BLOG: Financial inclusion can be good for financial service businesses as well as for people

October 18, 2016

Discussions about financial exclusion usually focus, understandably, on people who are disadvantaged because they can’t, or don’t, access financial services which could improve their lives. The Financial Inclusion Commission report showed that many millions of people in the UK lose out dramatically.

Recognising a problem is one thing. Fixing it sustainably is another.

Government action is sometimes the only solution, but it is too easy to say so and move on. Voluntary organisations and CSR activities of companies do great work, but have limited resources. It can make a huge difference if solutions are commercially sound, as well as sound for the customer, so that businesses don’t have to be pushed to provide what is needed, but really want to. 'The only business-based large scale solutions which are sustainable, are those which make commercial sense - even if maybe in the longer term or maybe with an appropriate nudge or encouragement from Government.

Two recent examples show it can be done. 10 years ago, two problems of access, deemed intractable for many years were, first, getting lower paid employees to have pensions savings, and second, that it was impossible for people exposed to flooding to get insurance.

Assiduous work by industry and Government has seen huge improvements in access. Automatic enrolment has seen 6 million new people start pensions. Creating ‘Flood Re’ means that a million people, who couldn’t previously get house insurance, now can.

Massive changes which, whilst assisted by Government initiatives, and providing good value to customers, are commercially viable and sustainable. Of 6 million new pensions savers, three-quarters are in private pensions.  That’s 4.5 million new customers - a marketing man’s dream. A million more customers can generate huge new premium flows for house insurers.

The question is whether lessons can be learned, from these successes, to address problems which look as intractable now as pensions and flood cover did, ten years ago.

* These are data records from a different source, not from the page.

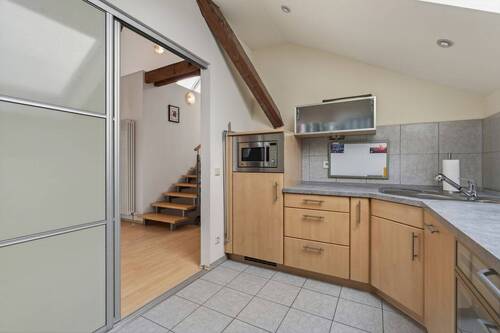 Küche mit Schiebetür WE1 - 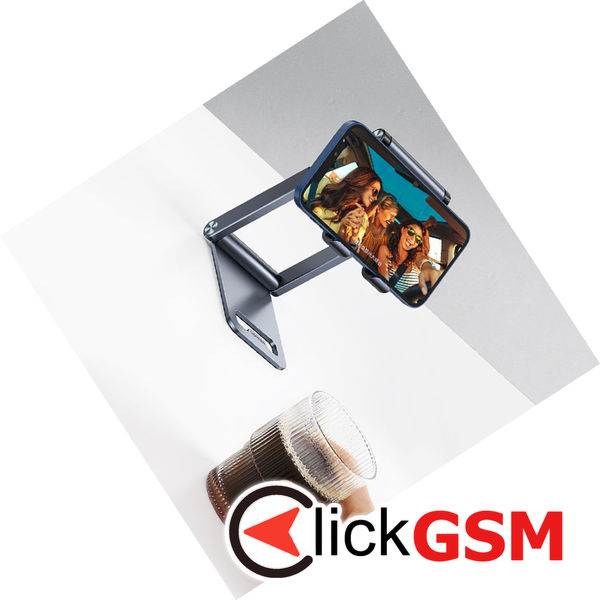 Ugreen - Desk Holder (50324) - Folding Feature, from Aluminium Alloy, Silicone Pads, for Phone - Gray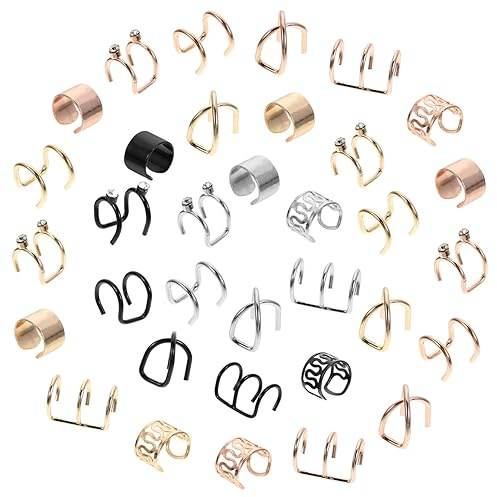 Flechtanhänger 48 Stück Metall für Dreadlocks und Zöpfe | Junge Frauen und Mädchen, Stylische Haaraccessoires, Leicht die Flechtsträhne zu Schieben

The Financial Inclusion Commission, in partnership with Scope, and building on the Financial Conduct Authority’s work on improving access to financial services, is holding a round table in November to see if other access to insurance problems can be solved. The ‘intractable problem’ it will seek to address is illustrated by the Commission’s finding that 50% of households in the lower half of the income distribution don’t have home contents insurance.  That’s a quarter of all households. If a sound, commercially viable and good value solution can be found, that’s a big opportunity for the industry as well as a big comfort for many people.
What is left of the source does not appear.